LES RÉSULTATS du premier tour n’ont pas été, à proprement parler, catastrophiques pour Nicolas Sarkozy. On peut même dire que, pour un président sortant qui, pendant toute la durée de son mandat, a subi les attaques les plus violentes, il ne s’en est pas sorti si mal. Il a certes mérité quelques-uns des assauts livrés contre lui, mais il n’avait pas tout à fait tort de dire, pendant la campagne officielle du premier tour, qu’il était seul contre tous et que les candidats les moins populaires, loin de parler de leurs programmes, se sont tous essayés à l’antisarkozysme, seul moyen pour eux d’exister. Sans l’absoudre pour ses erreurs, qui ont été multiples et parfois confondantes, on reconnaîtra volontiers que les crises à répétition ne lui ont pas facilité la tâche. Il a certes la manie de l’inexactitude, de la simplification, parfois du mensonge. Mais, si la France était prospère, le peuple lui aurait tout pardonné.

Le temps de la gauche ?

En prolongeant cette analyse, on est en mesure de croire que la crise a constitué le seul facteur sérieux de la défaite qui s’annonce pour la droite, sauf si l’électorat change d’idée dans les trois jours qui viennent, ce qui serait miraculeux pour M. Sarkozy, mais demeure fortement improbable. La crise a renforcé la gauche parce qu’elle est la seule alternative en dehors de l’extrême droite. Une gauche qui n’a pas gouverné depuis 1995 mais qui n’a cessé de monter à la faveur de chaque scrutin intermédiaire, qui a remporté les régionales, les municipales, les cantonales, qui est déjà majoritaire au Sénat, dans les conseils généraux, dans la plupart des villes, une gauche qui tient en quelque sorte tout le maillage politique du pays. Combien de temps encore les Français pouvaient-ils tenir cette gauche à l’écart de la présidence et de la majorité parlementaire ? Certains penseront que le pouvoir UMP, usé par de si longues années de gestion difficile, doit céder la place à la gauche. Il est déjà cerné par ses succès électoraux.

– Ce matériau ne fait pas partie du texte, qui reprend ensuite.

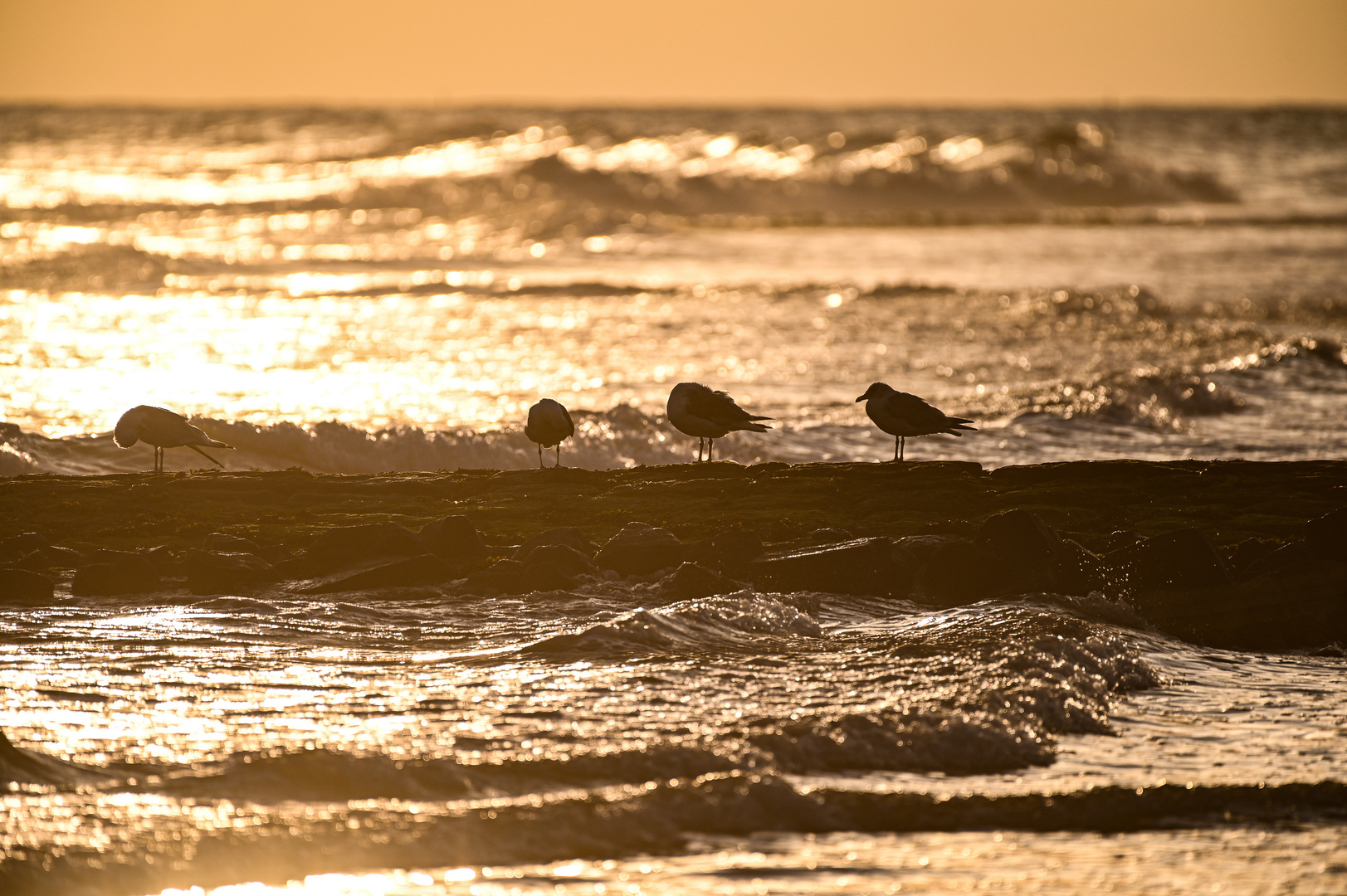 Wangerooge 2021-04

C’est le principe même de l’alternance.

UN « PRINTEMPS » QU’ANNONÇAIENT BEAUCOUP D’HIRONDELLES

Dans ce cas, même si M. Sarkozy était un meilleur gestionnaire de la crise que ne le serait M. Hollande, et même si le président sortant avait géré le pays à la façon de Jacques Chirac, c’est-à-dire sans faire de vagues, n’aurait-il pas été condamné par la vague montante de l’alternance ? Pour mieux raisonner, envisageons l’hypothèse d’une victoire de M. Sarkozy dimanche prochain. En dehors de l’UMP (et peut-être du MoDem), le mot d’ordre était de le battre. Même les syndicats, sortant d’une réserve dans laquelle ils auraient dû rester, ont demandé à l’électorat de voter contre le président sortant. Si M. Sarkozy l’emportait dimanche, la frustration des composantes de la gauche serait indescriptible. Commencerait alors une période d’instabilité incompatible avec la résolution de la crise : M. Sarkozy obtiendrait-il une majorité à l’Assemblée ? Les syndicats ne lui réserveraient-ils pas un « troisième tour social » en septembre, comme ils l’ont fait avec le gouvernement Juppé pendant la très longue grève de la fin de 1995 ?

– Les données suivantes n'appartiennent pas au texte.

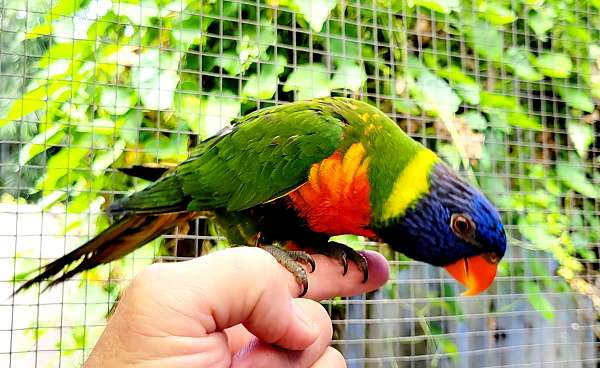 lory-for-sale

Ces considérations n’empêcheront aucun citoyen de voter selon ses convictions. Si le chaos suit la réélection de M. Sarkozy, il peut se produire après l’élection de M. Hollande, surtout si ses décisions sont attaquées par les marchés. D’autant que les prévisions les plus lugubres sont en général les plus erronées. Aucune fatalité ne décide à la place de l’électeur. À droite, on nous prédit le chaos si M. Sarkozy perd. À gauche, on nous prédit la même chose s’il gagne. Avant le scrutin, ce n’est pas ce qu’ils disent qui compte, c’est la quantité d’espoir, justifié ou non, qu’ils insufflent en chacun d’entre nous.